Pesquisa Aprofunda Conhecimento sobre a Doença
O estudo foi realizado por um grupo de pesquisadores brasileiros e faz parte da Rede de Vigilância em Saúde Ampliada (Revisa), com o apoio do Instituto Todos pela Saúde (ItpS). A pesquisa acompanhou pacientes com doença febril aguda que procuraram atendimento na Fundação de Medicina Tropical Dr. Heitor Vieira Dourado (FMT-HVD), em Manaus (AM).
Os participantes foram monitorados por até 28 dias, recebendo avaliações clínicas, exames laboratoriais e testes específicos para dengue, Oropouche e outras arboviroses. O estudo indicou que o surto registrado em Manaus em 2024 foi desencadeado por uma linhagem reordenada do Oropouche, já identificada em anos anteriores, mas com características de maior virulência e replicação. Essa situação pode explicar a intensidade e o alcance do surto observado.
“Identificamos que o vírus que circulou em Manaus em 2024 pertence a uma linhagem que já estava presente no Brasil, mas que sofreu modificações genéticas ao longo do tempo. Isso sugere uma transmissão local contínua”, esclareceu a pesquisadora.

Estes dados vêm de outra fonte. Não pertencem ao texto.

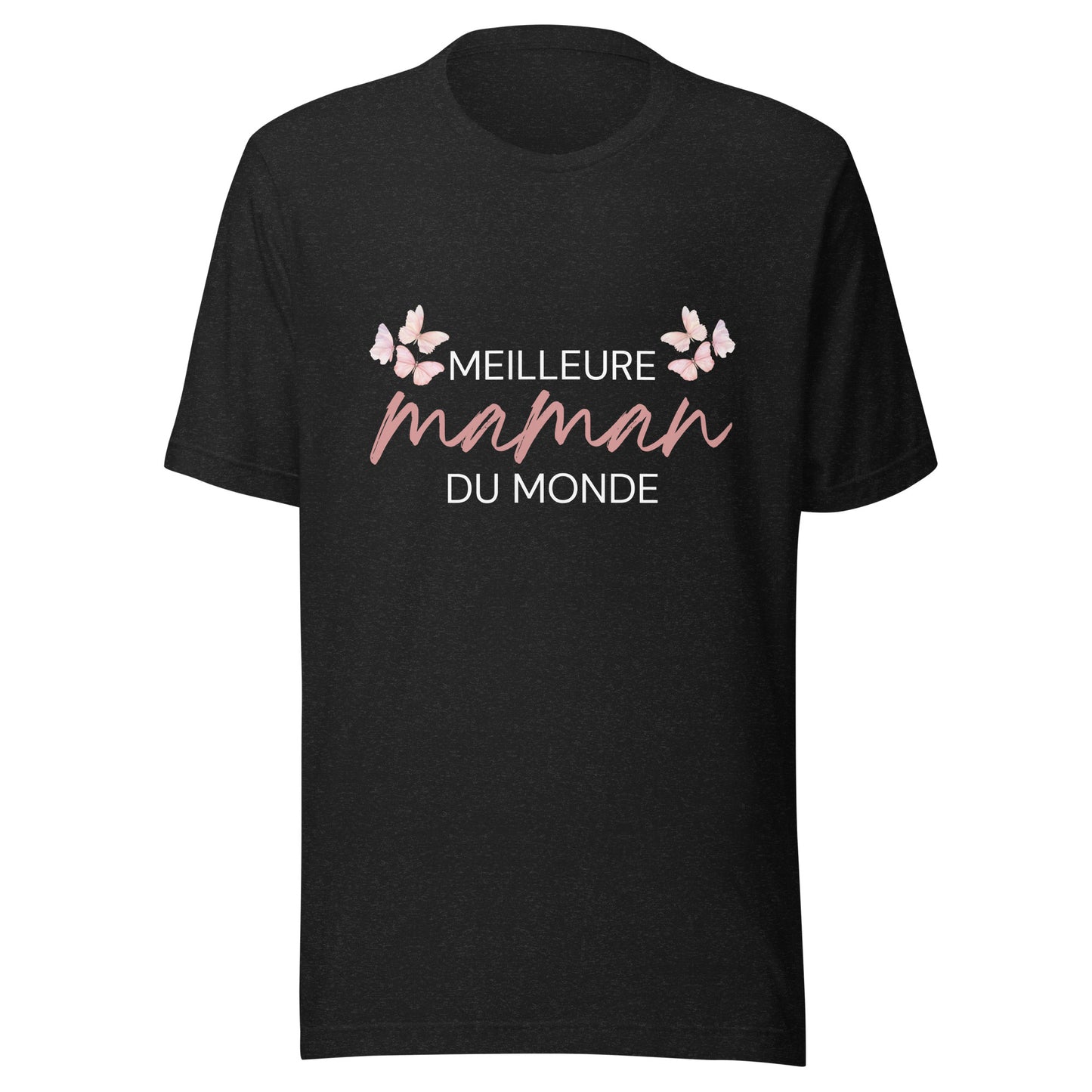 T-shirt noir avec l’inscription « Meilleure Maman au Monde » et illustration de papillons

Além disso, ela destacou que essas alterações podem ter contribuído para a gravidade do surto, mas não são fatores isolados — elementos como condições ambientais, climáticas e a presença do vetor também desempenham papéis relevantes.
Características da Febre do Oropouche
A febre do Oropouche é causada por um vírus transmitido principalmente pelo mosquito Culicoides paraensis, popularmente conhecido como maruim ou mosquito-pólvora, que é comum em todo o Brasil. Após picar um indivíduo ou animal infectado, o vírus permanece no inseto por alguns dias, podendo então infectar uma pessoa saudável.

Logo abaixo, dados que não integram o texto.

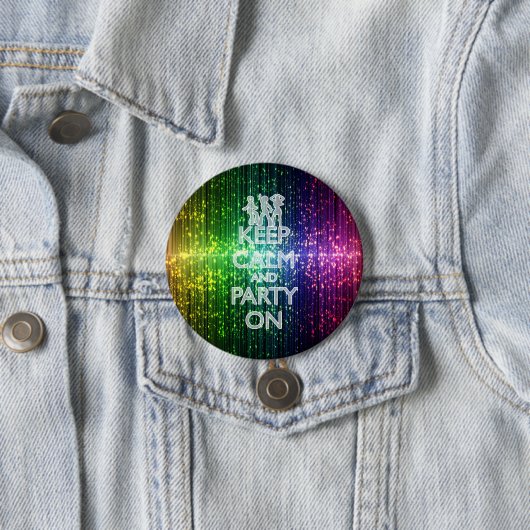 BLIJF RUSTIG EN FEEST OP, Regenboog Tinsel Ronde Button 7,6 Cm (In situ)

Bárbara Chaves, pesquisadora do Instituto Todos pela Saúde (ItpS), explica que tanto a dengue quanto a febre do Oropouche são arboviroses, doenças causadas por vírus transmitidos por insetos. “A dengue é amplamente conhecida no Brasil e apresenta alta incidência, favorecida pela abundância do mosquito Aedes aegypti e pelas condições climáticas propícias para sua reprodução”, salientou.
Ela também observou que a febre do Oropouche ganhou maior visibilidade no país a partir de 2024, quando começou a ser notificada em outros estados brasileiros. “Fatores como mudanças no uso da terra, desmatamento e desenvolvimento agrícola podem ter contribuído para a disseminação e o aumento no número de casos”, esclareceu.
Para Bárbara, a redução dos casos de ambas as doenças estará atrelada à melhoria dos diagnósticos e monitoramento. “No caso da dengue, é possível diminuir a incidência por meio do combate ao mosquito transmissor, como a eliminação de criadouros. Estratégias como o método Wolbachia e a vacinação contra o vírus estão sendo adotadas em diversas cidades”, afirmou.
No entanto, para a febre do Oropouche, a tarefa é mais desafiadora, uma vez que o mosquito responsável se reproduz em ambientes naturais, úmidos e ricos em matéria orgânica em decomposição. “Medidas que favoreçam o monitoramento dos vírus e a identificação de diferentes linhagens podem contribuir para um diagnóstico diferencial mais eficaz, especialmente em regiões onde ambos os vírus circulam”, concluiu.